Records shown Start Marker

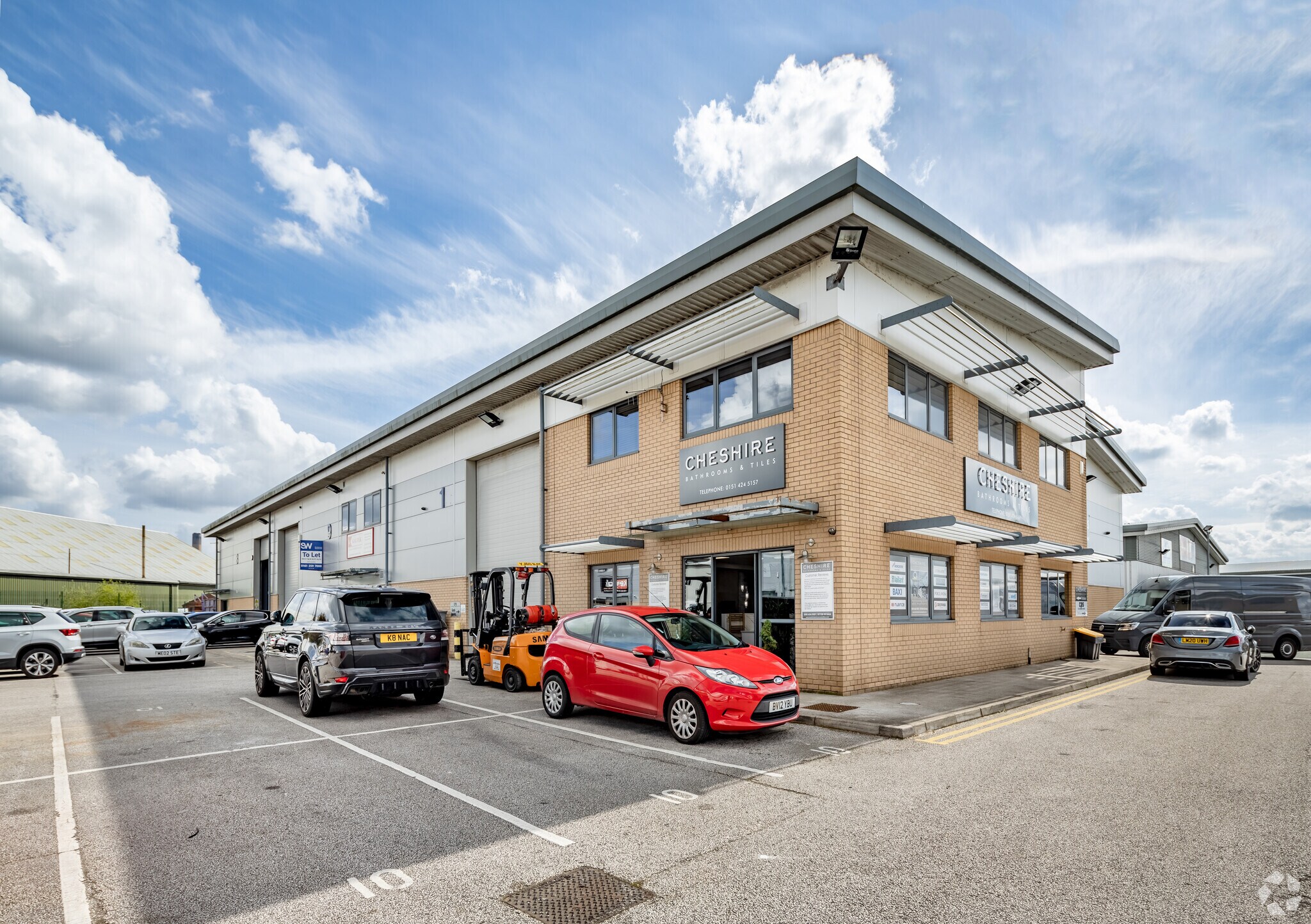 Heron Business Park, Tan House Ln, Widnes à louer Photo principale– Image 1 sur 13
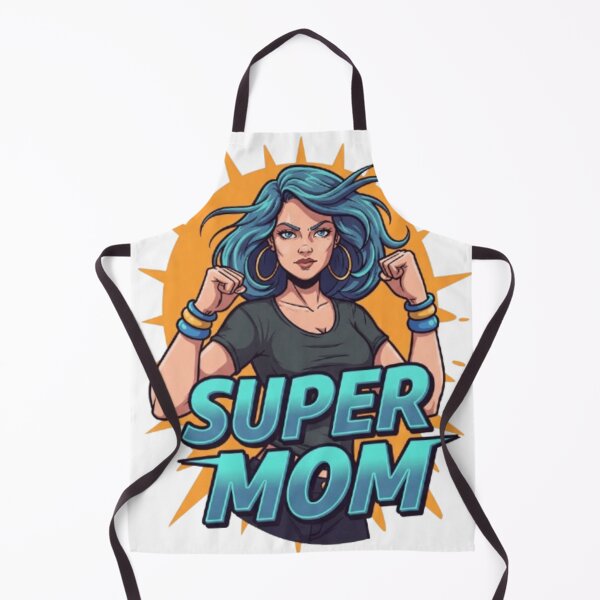 Item preview, Super mom designed and sold by Chiknook.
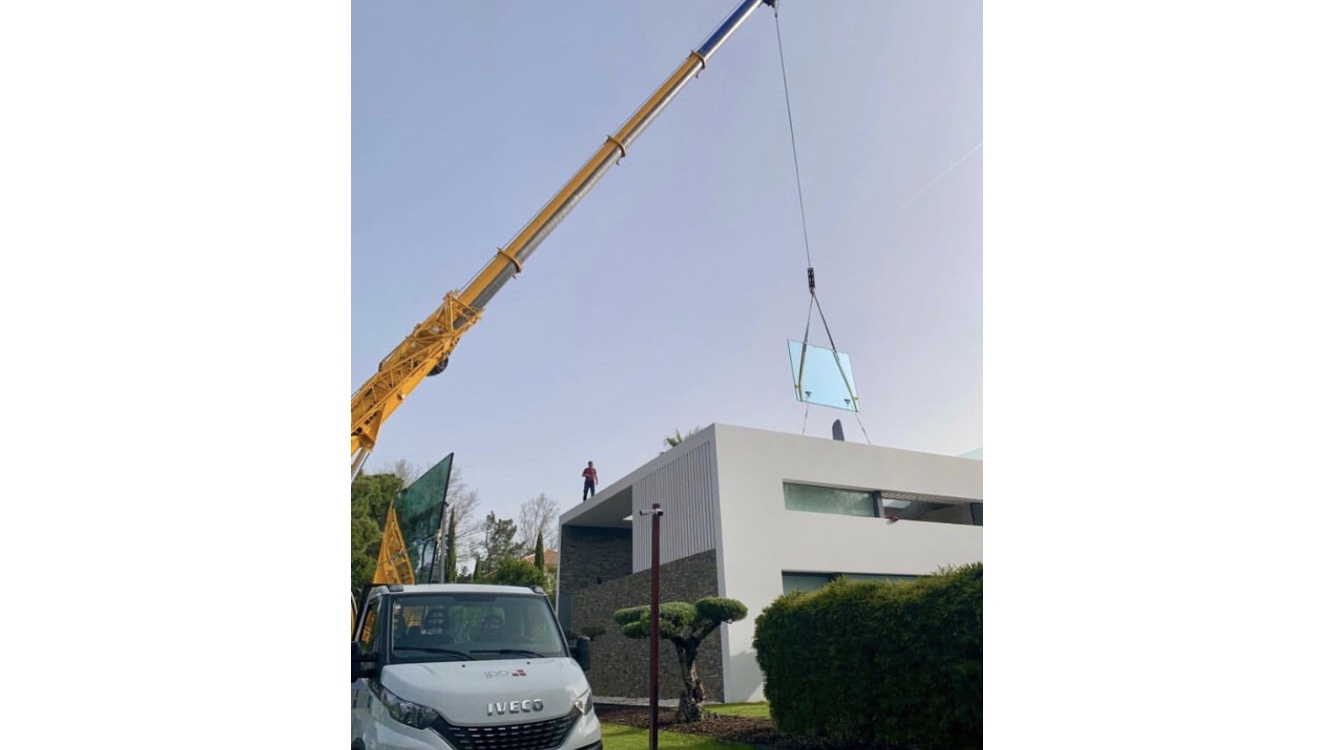 1|Moradia Quinta do lago Vidros XXL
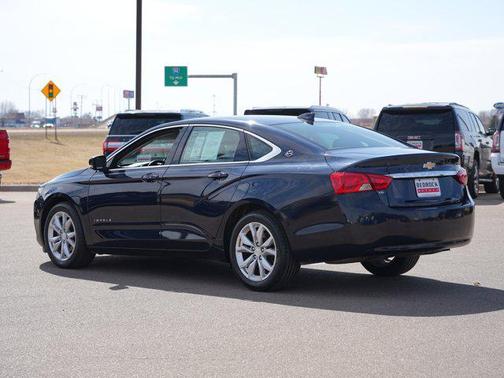 Blue Velvet Metallic 2018 Chevrolet Impala 1LT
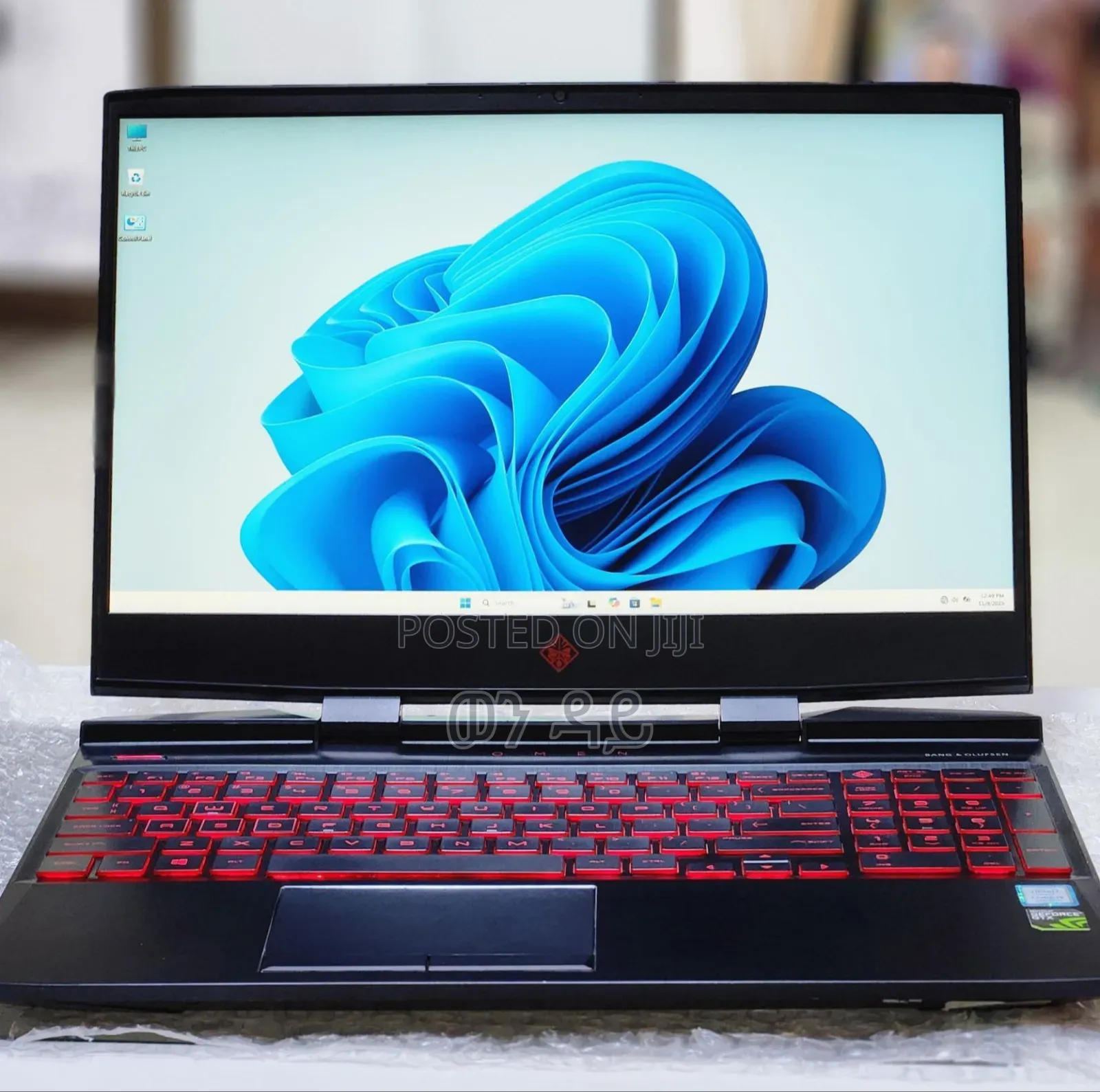 New Laptop HP Omen X 16GB Intel Core I5 SSD 1T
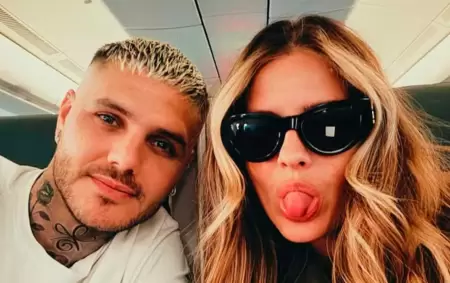 Mauro Icardi y China Su�rez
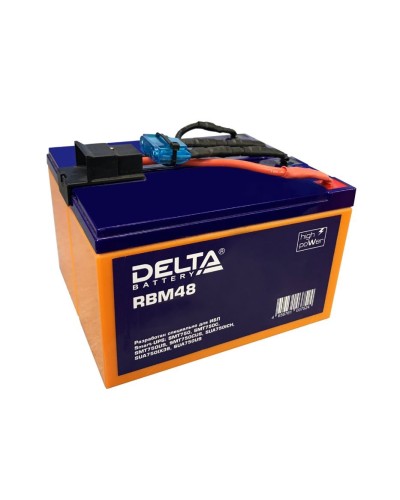 Delta RBM48. Батарейный модуль для ИБП APC. Delta в Балаково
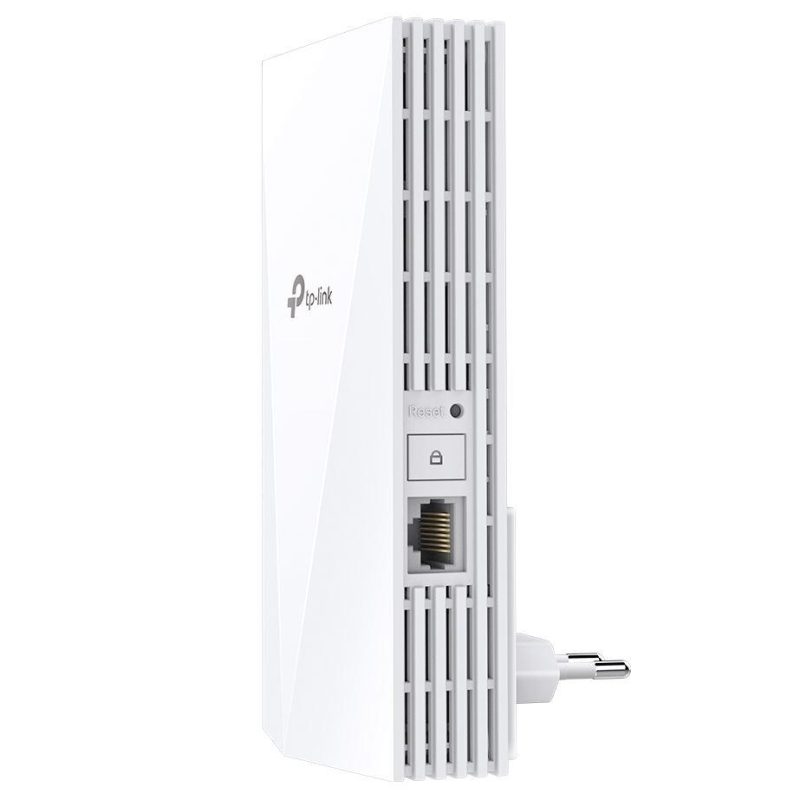 Range Extender TP-Link RE700X, Gigabit, Dual-band, WiFi 6 - AX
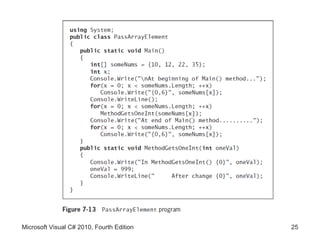 Microsoft Visual C# 2010, Fourth Edition   25
 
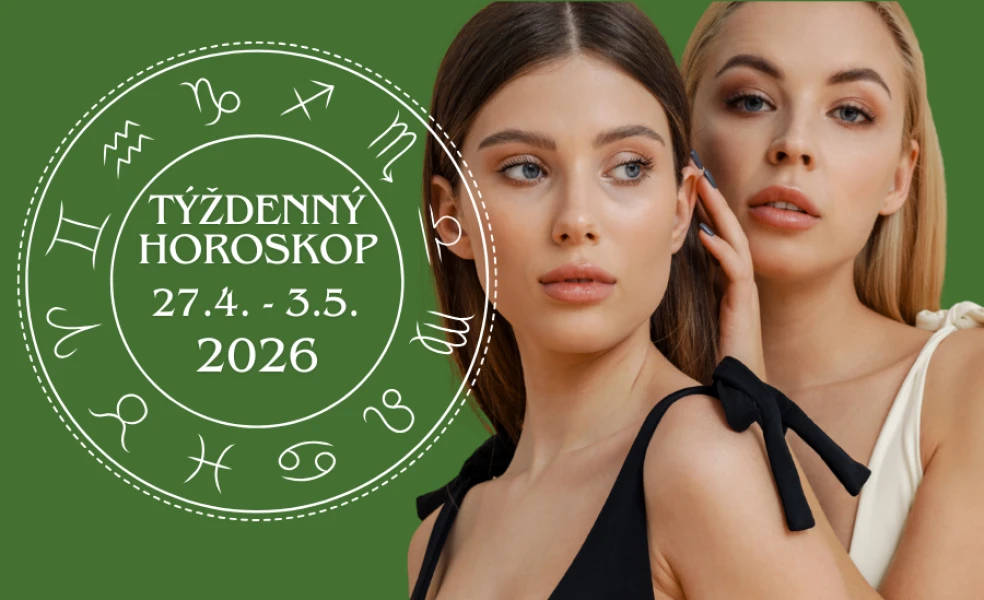 Týždenný horoskop od 27 apríla do 3 mája 2026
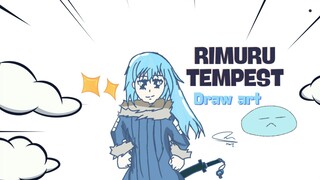 Drawing Art Rimuru | That Time I Get Reincarnated as a Slime.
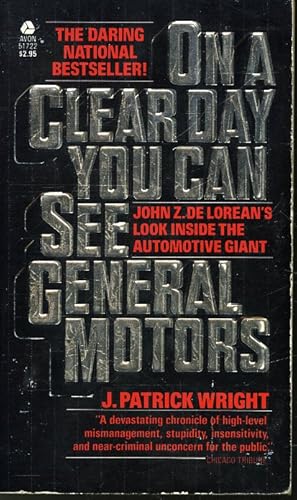 Image du vendeur pour On a Clear Day You Can See General Motors mis en vente par Librairie Le Nord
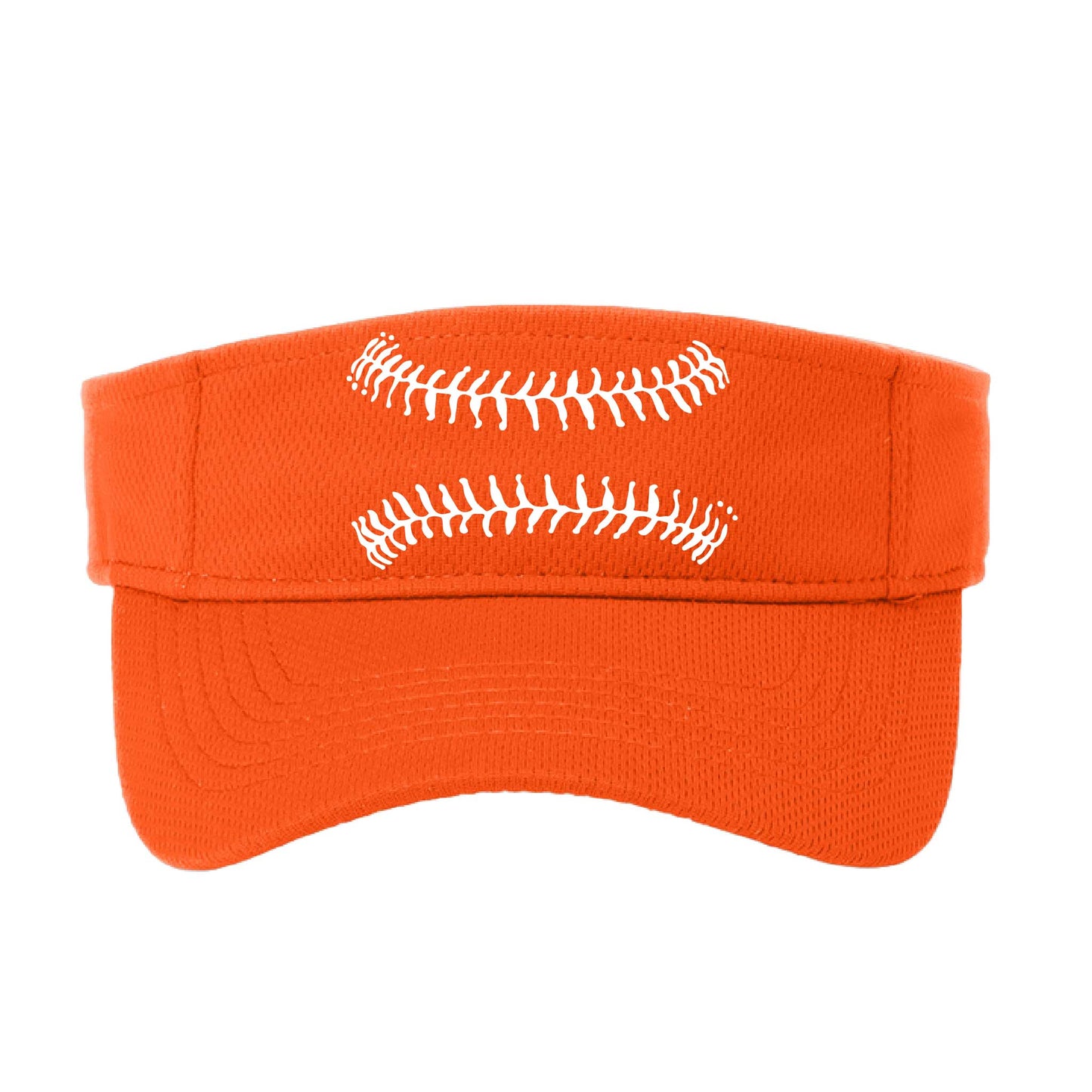 Baseball Stitches | Baseball Visors | Moisture Wicking 100% Polyester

Records shown End Marker

Activity
Only the lines from the top of the material above down to the line bearing "Image du vendeur", that line included, should be set down exactly; no pictures.

Written answer
 Heron Business Park, Tan House Ln, Widnes à louer Photo principale– Image 1 sur 13
 Item preview, Super mom designed and sold by Chiknook.
 1|Moradia Quinta do lago Vidros XXL
 Blue Velvet Metallic 2018 Chevrolet Impala 1LT
 New Laptop HP Omen X 16GB Intel Core I5 SSD 1T
 Mauro Icardi y China Su�rez
 Delta RBM48. Батарейный модуль для ИБП APC. Delta в Балаково
 Range Extender TP-Link RE700X, Gigabit, Dual-band, WiFi 6 - AX
 Microsoft Visual C# 2010, Fourth Edition   25
 
 Týždenný horoskop od 27 apríla do 3 mája 2026
 Drawing Art Rimuru | That Time I Get Reincarnated as a Slime.
 Image du vendeur pour On a Clear Day You Can See General Motors mis en vente par Librairie Le Nord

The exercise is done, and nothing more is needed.